With his theater earnings, Shakespeare made some fairly shrewd investments, including a substantial one in grain tithes in 1605. These investments likely yielded more money than he earned from theater, but I don’t believe there is any record that he was actually a merchant. In particular, the period from 1605 until is death in 1616 were years when he wrote a substantial portion of his work. Overall, Shakespeare died fairly prosperous for a commoner, though downright poor compared to the nobility.
It is reasonable to assume that a talent like Shakespeare, left solely to invest in his writing, would produce even more volume and diversity. That is, of course, part of the point of this post. It’s meaningless when copyright critics declare that creativity existed before copyright. Creativity existed before free speech, too. Is anyone in the free world going to argue that creative works were “better” as a result?
Shakespeare’s patron was Henry Carey, 1st Baron Hunsdon:
https://en.wikipedia.org/wiki/Henry_Carey,_1st_Baron_Hunsdon
and the history plays were written to satisfy court propaganda and justify the Tudor dynasty. How much more was prescribed by the political patronage is unknown, but Shakespeare was not free to write as he may have wished.
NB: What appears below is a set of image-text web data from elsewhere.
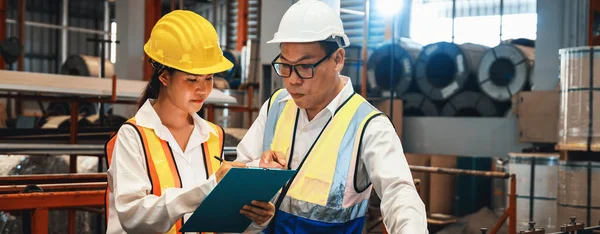 Fabriek Ingenieur Manager Met Assistent Voeren Inspectie Metalen Plaat Product — Stockfoto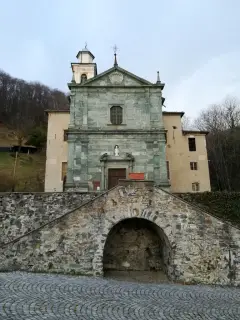 Vista - Chiesa della Madonna delle Grazie a SordevoloFrazione Verdobbio
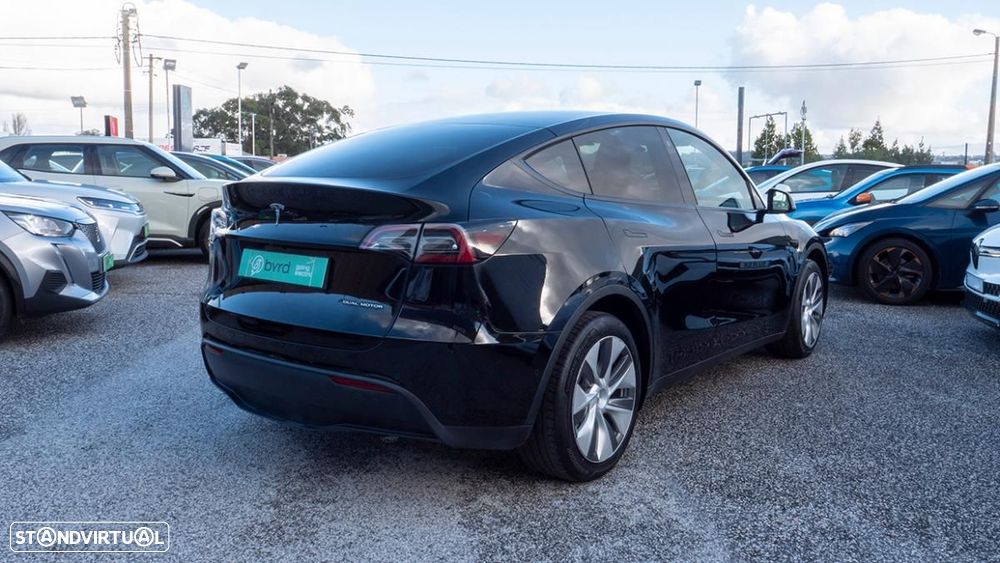 Tesla Model Y Long Range Dual Motor AWD - 24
He certainly was not free to write anything he wished. Although, the history plays were produced with respect to the boundaries of the pleasure of the court, I don’t think it would be accurate to describe them as akin to commissions by the court for propaganda purposes. One production of Richard II, commanded by Essex on the eve of his attempt to depose Elizabeth, got the company briefly investigated for their “role” in the plot. And Shakespeare did collaborate on a play about Sir Thomas More, which might have been abandoned for political reasons, but that he approached the material all is informative.